Since only the total is wanted, give the number of lines in the listing below that hold the string "change" and add nothing.

● AVAILABLE DATA:
════════

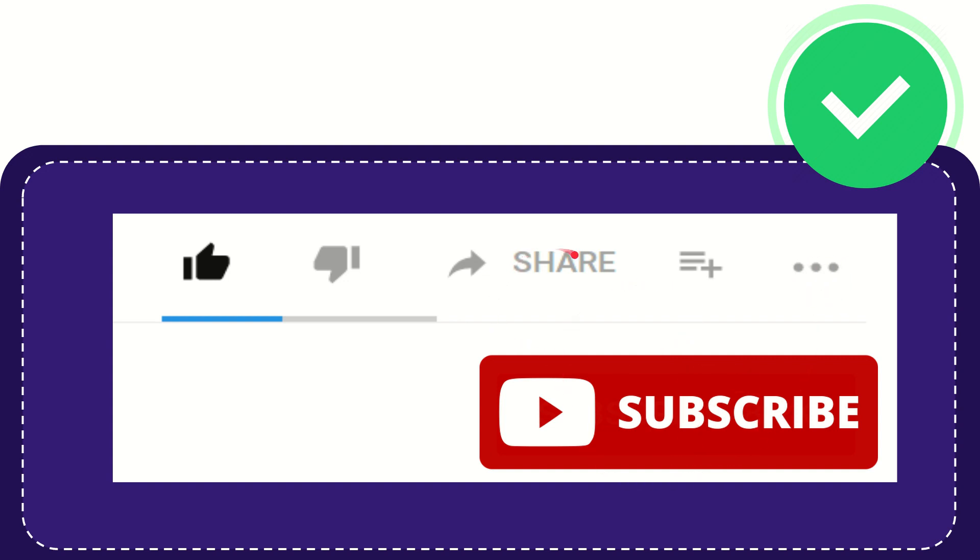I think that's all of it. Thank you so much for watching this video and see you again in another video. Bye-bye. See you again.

════════

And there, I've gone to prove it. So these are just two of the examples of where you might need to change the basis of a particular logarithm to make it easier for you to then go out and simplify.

════════

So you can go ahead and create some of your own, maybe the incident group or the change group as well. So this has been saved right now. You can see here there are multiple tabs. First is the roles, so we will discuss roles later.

════════

● WRITTEN SOLUTION: 2